## TASK:
Every line of the data below is to be duplicated exactly, pictures excepted.

[Web page caption snippets]
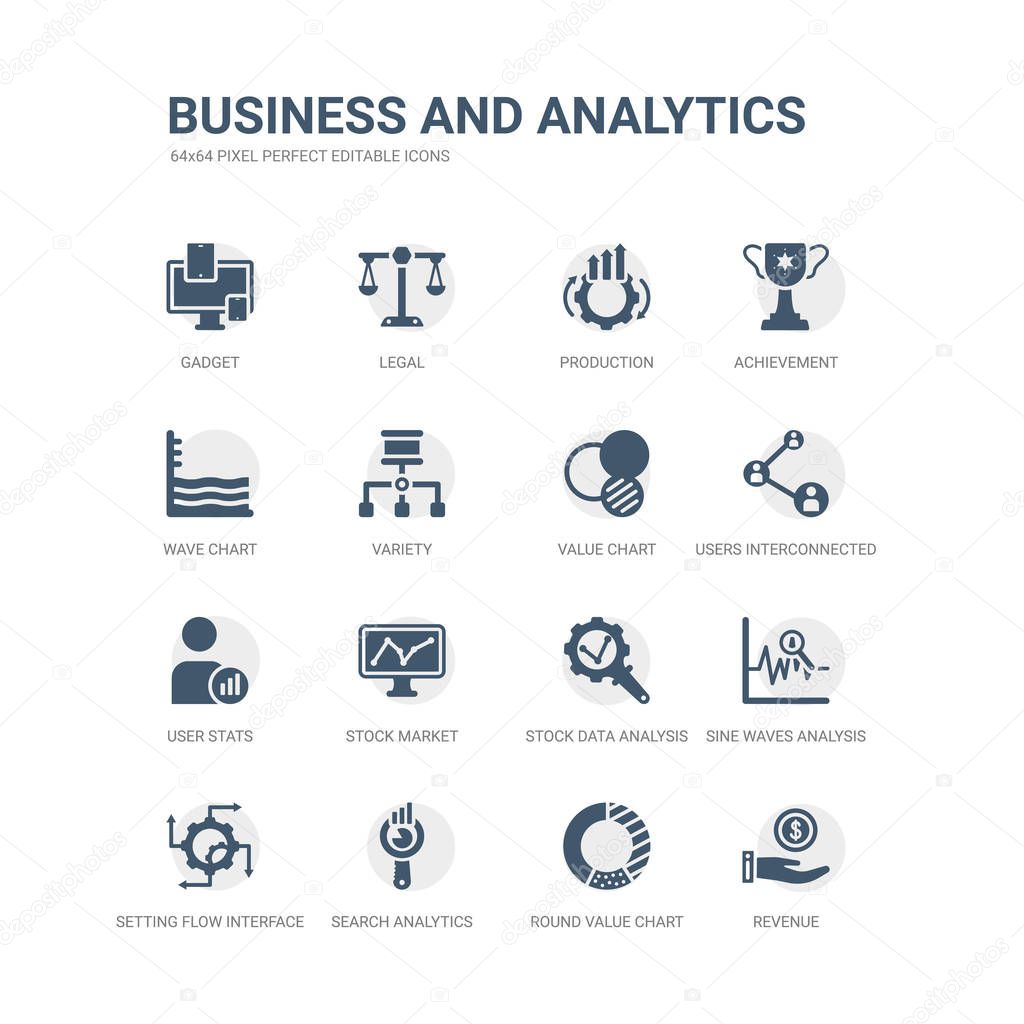simple set of icons such as revenue, round value chart, search analytics, setting flow interface, sine waves analysis, stock data analysis, stock market, user stats, users interconnected, value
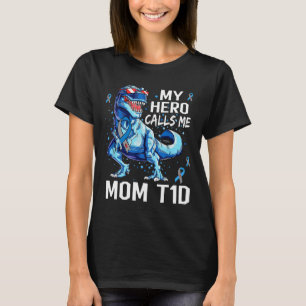 Camiseta T Rex Dinosaurio Mi Hero Me Llama Diab Tipo 1 De M
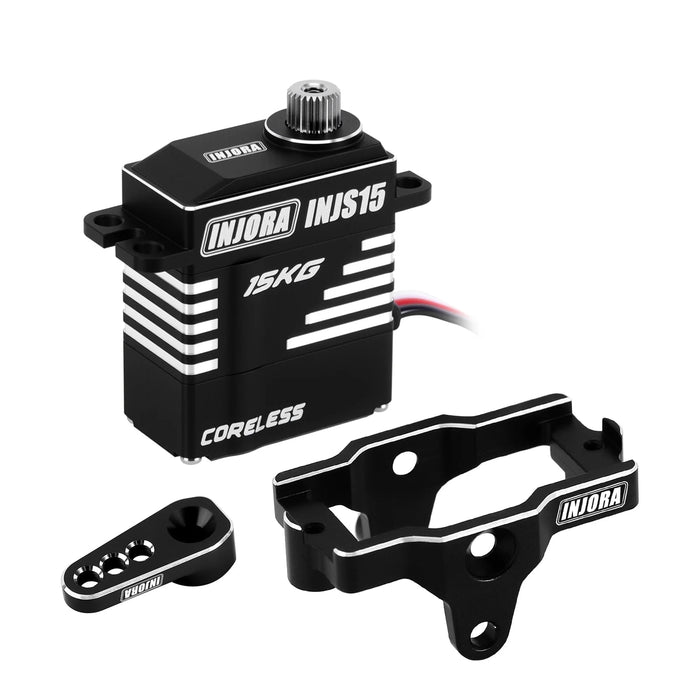 INJORA INJS15 15KG Waterproof Coreless High Torque Servo w/ Mount & Horn 1/18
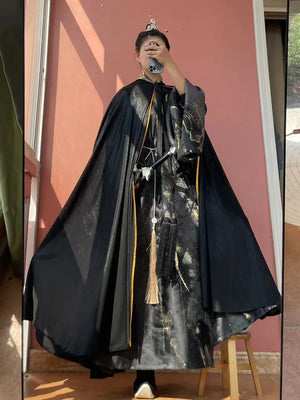 Hanfu cloak domineering men's and women's black, red and silver - Yandan_Hanfu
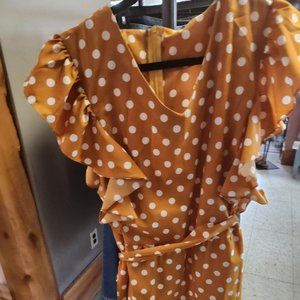 Polka Dot and Ruffled Sleeveless Romper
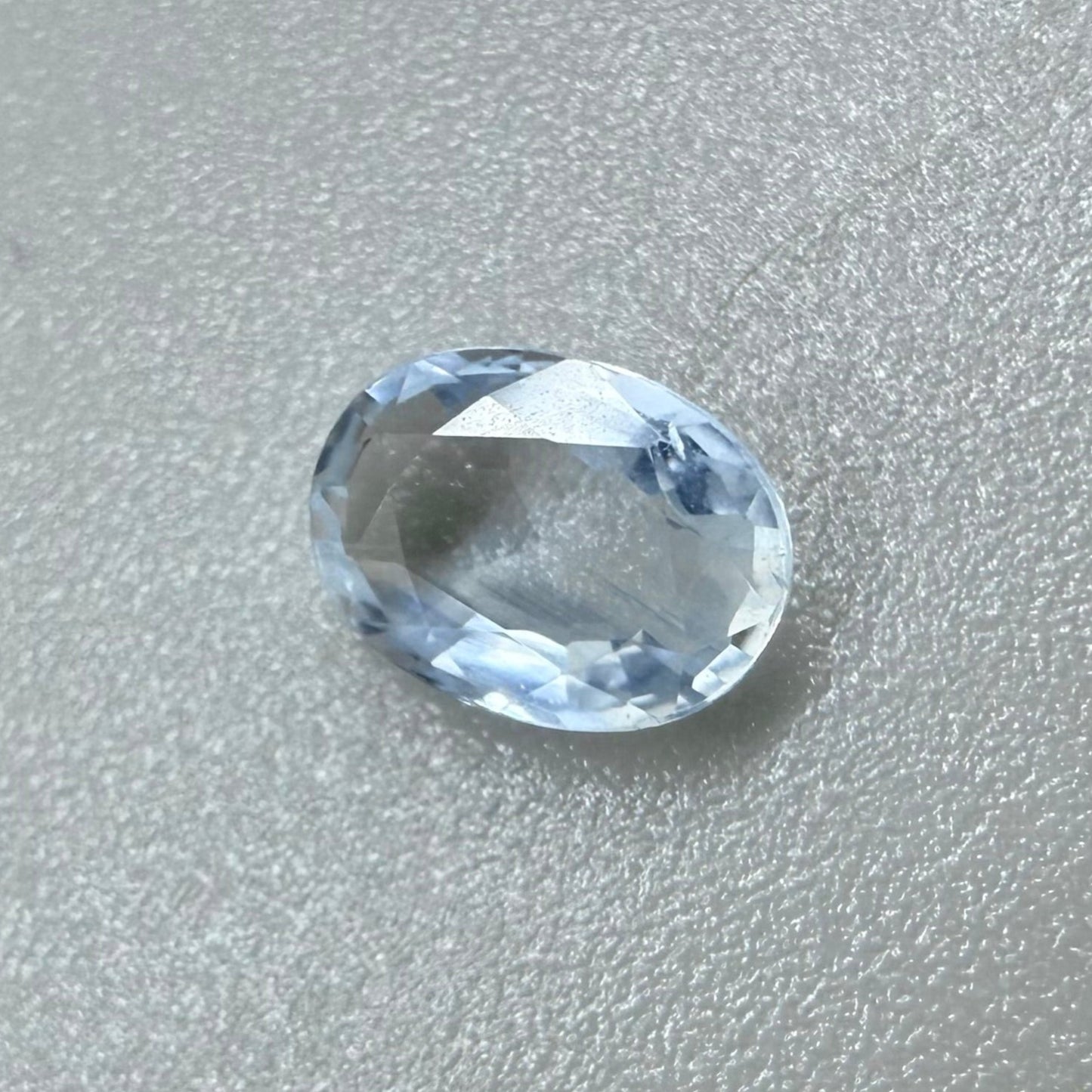 Very Pale Blue Sapphire Oval 1.07 Ct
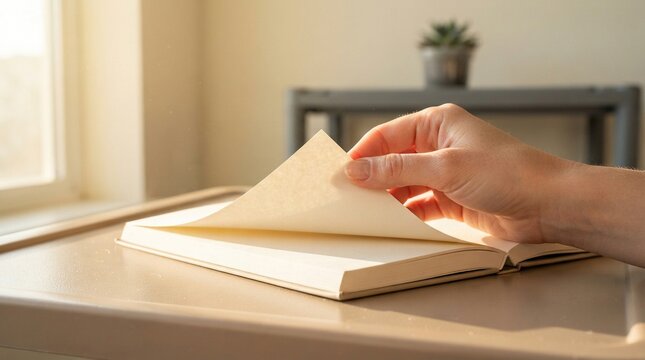 Hand flipping book page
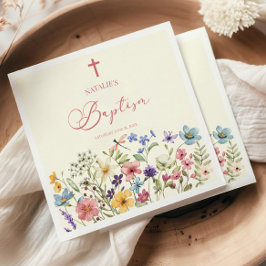 Guardanapo De Papel Batismo Floral Elegante de Flor Selvagem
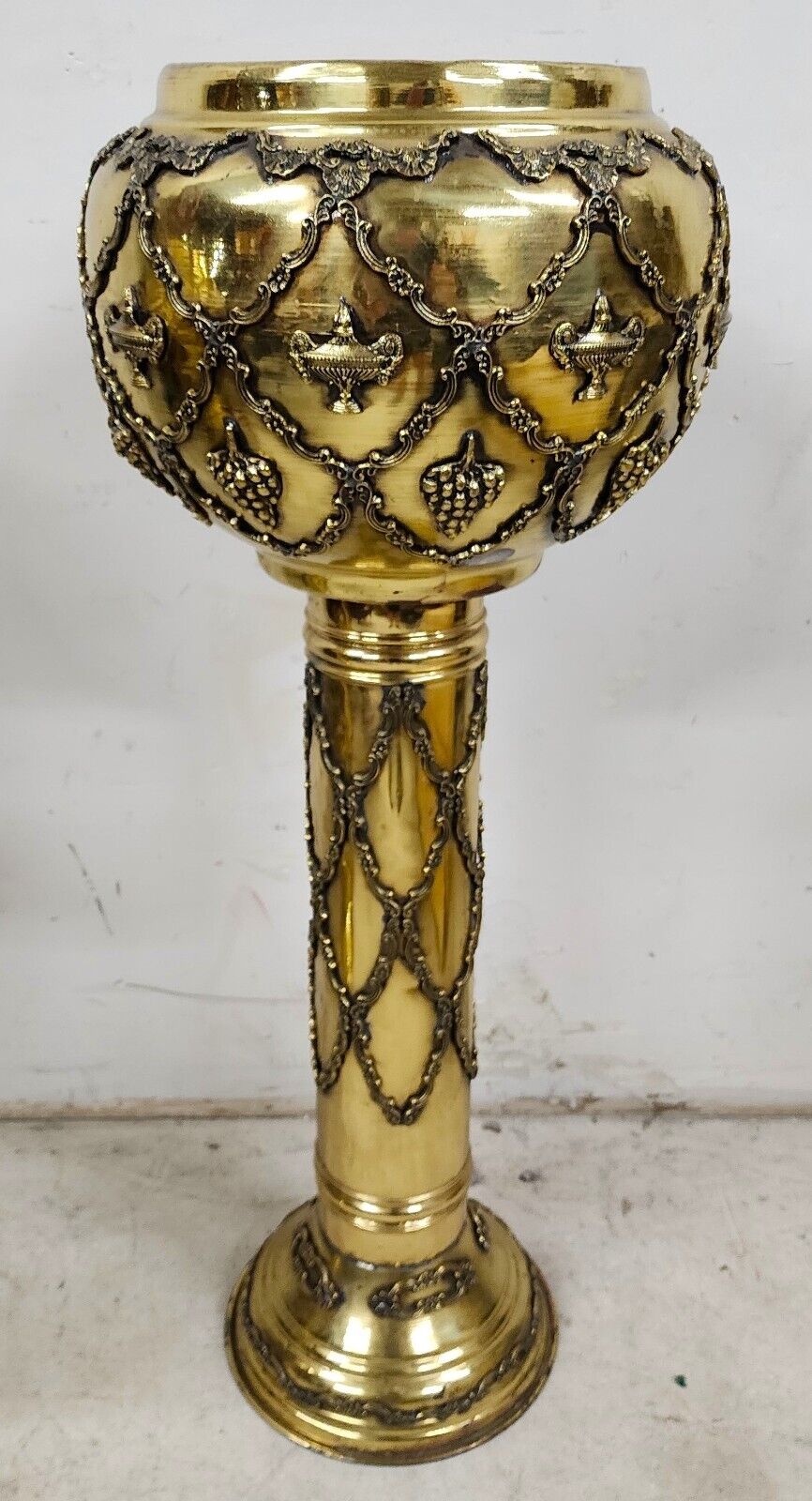 2 Antique Brass Planter Stands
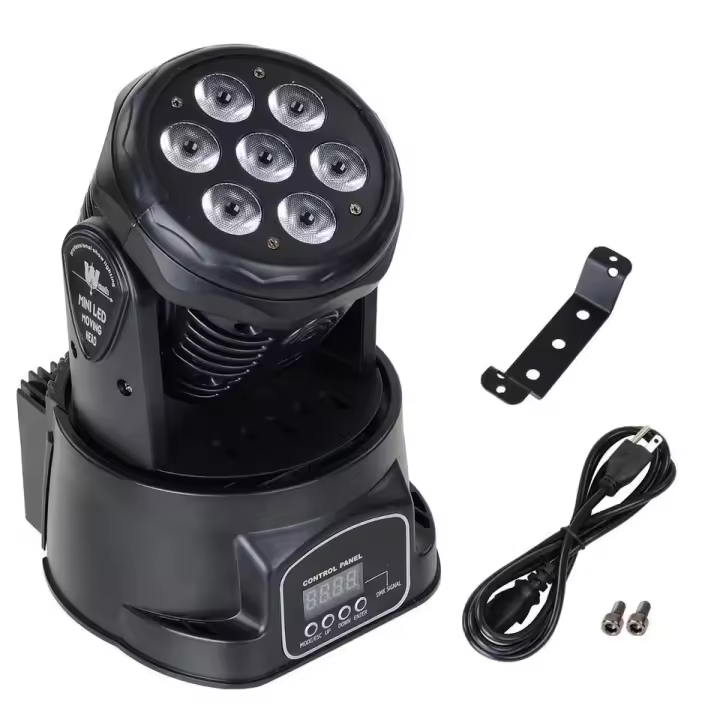 PRO - Cabeza Movil Led Wash discoteca 7x10W 4 en 1 RGBW + Luz UV, Luz de escenario - 1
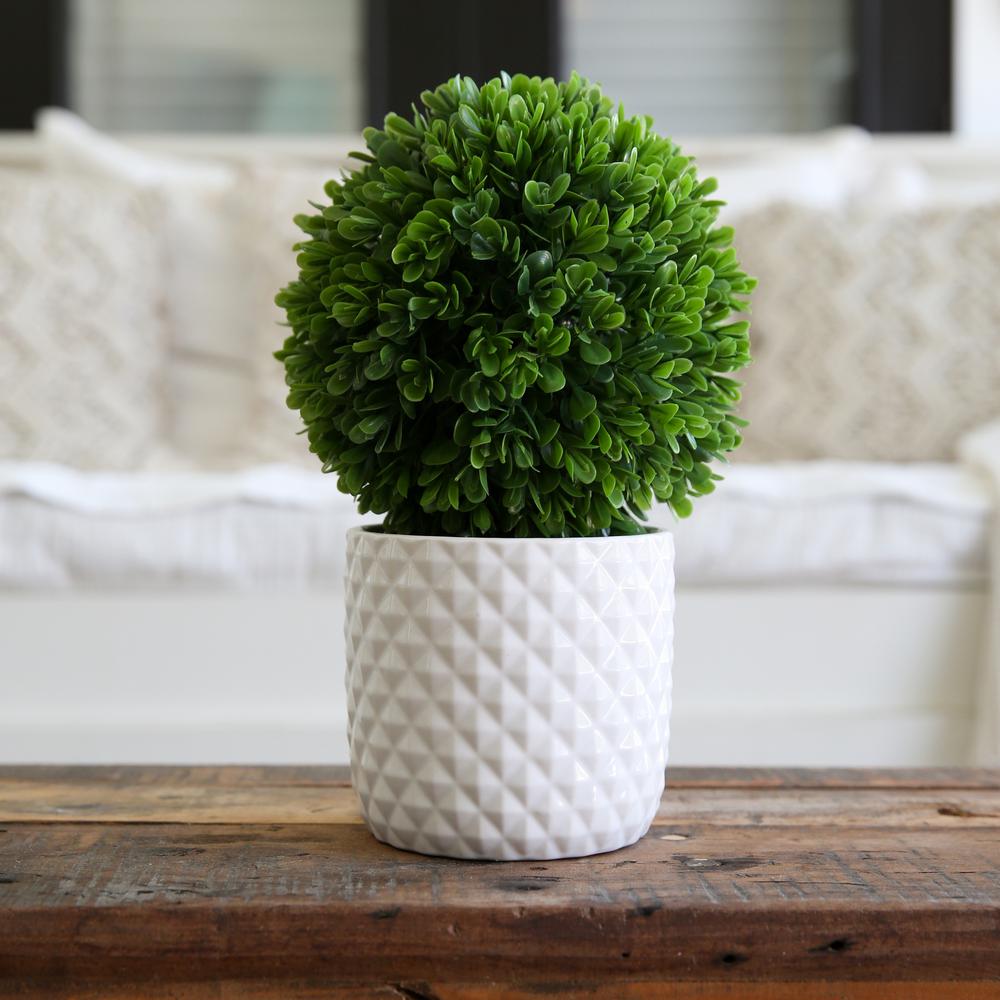 10in. Artificial Boxwood Topiary Plant with Decorative Planter. Picture 5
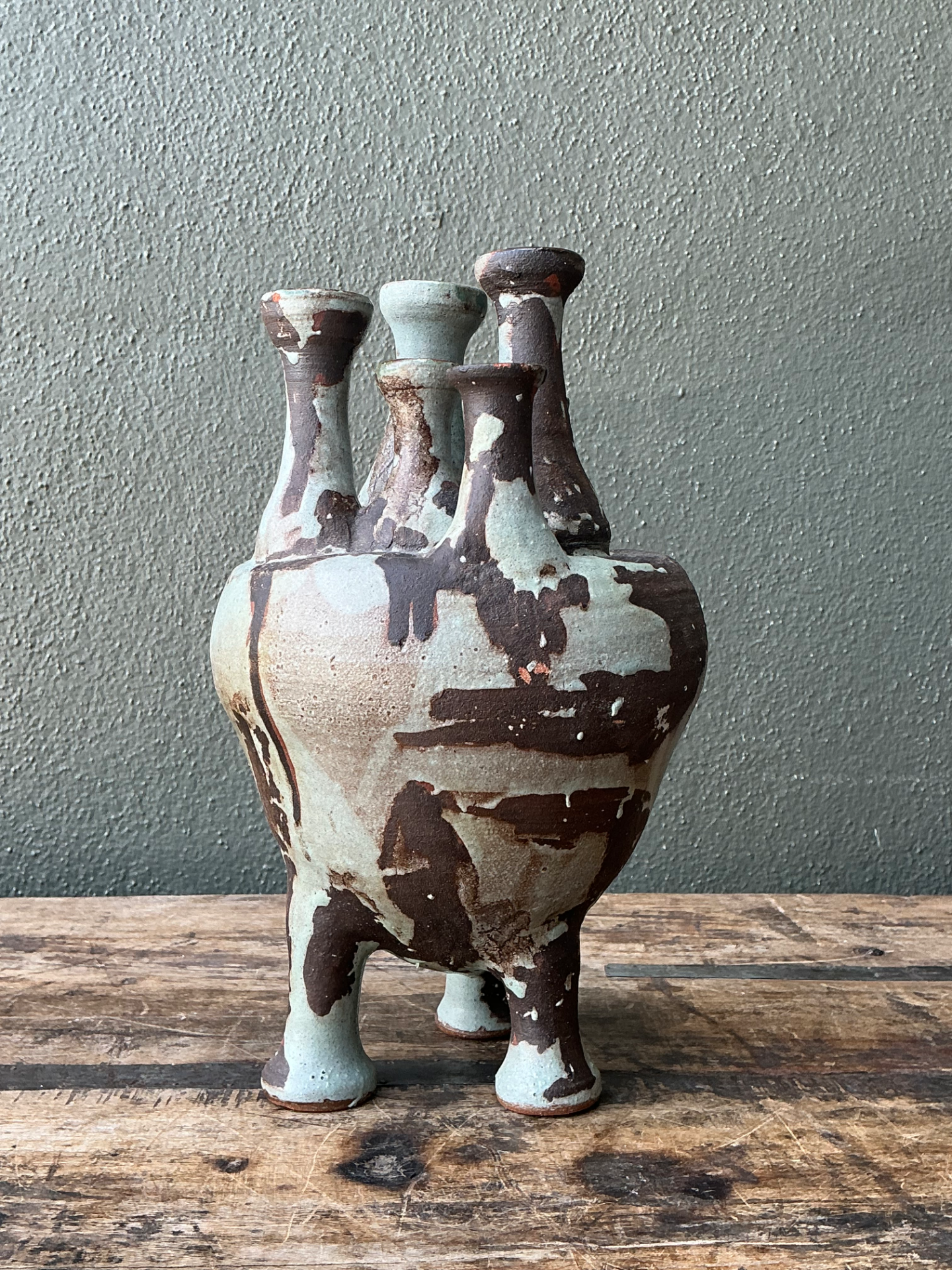 Vintage Multineck Ceramic Vessel - Back view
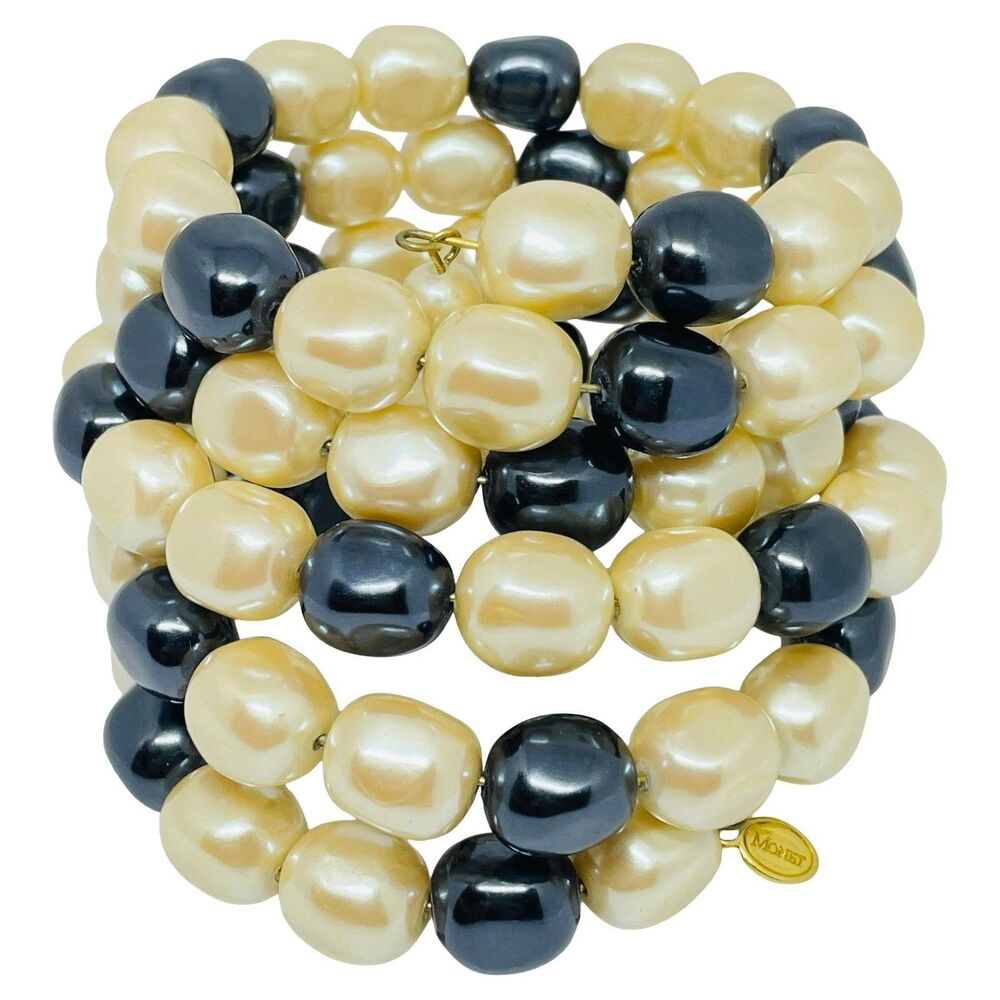 MONET signed cream grey glass pearl designer wrap beaded bracelet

## RESULT:
simple set of icons such as revenue, round value chart, search analytics, setting flow interface, sine waves analysis, stock data analysis, stock market, user stats, users interconnected, value
 Camiseta T Rex Dinosaurio Mi Hero Me Llama Diab Tipo 1 De M
 INJORA INJS15 15KG Waterproof Coreless High Torque Servo w/ Mount & Horn 1/18
 Hanfu cloak domineering men's and women's black, red and silver - Yandan_Hanfu
 Polka Dot and Ruffled Sleeveless Romper
 Very Pale Blue Sapphire Oval 1.07 Ct
 Hand flipping book page
 Guardanapo De Papel Batismo Floral Elegante de Flor Selvagem
 2 Antique Brass Planter Stands
 PRO - Cabeza Movil Led Wash discoteca 7x10W 4 en 1 RGBW + Luz UV, Luz de escenario - 1
 10in. Artificial Boxwood Topiary Plant with Decorative Planter. Picture 5
 Vintage Multineck Ceramic Vessel - Back view
 MONET signed cream grey glass pearl designer wrap beaded bracelet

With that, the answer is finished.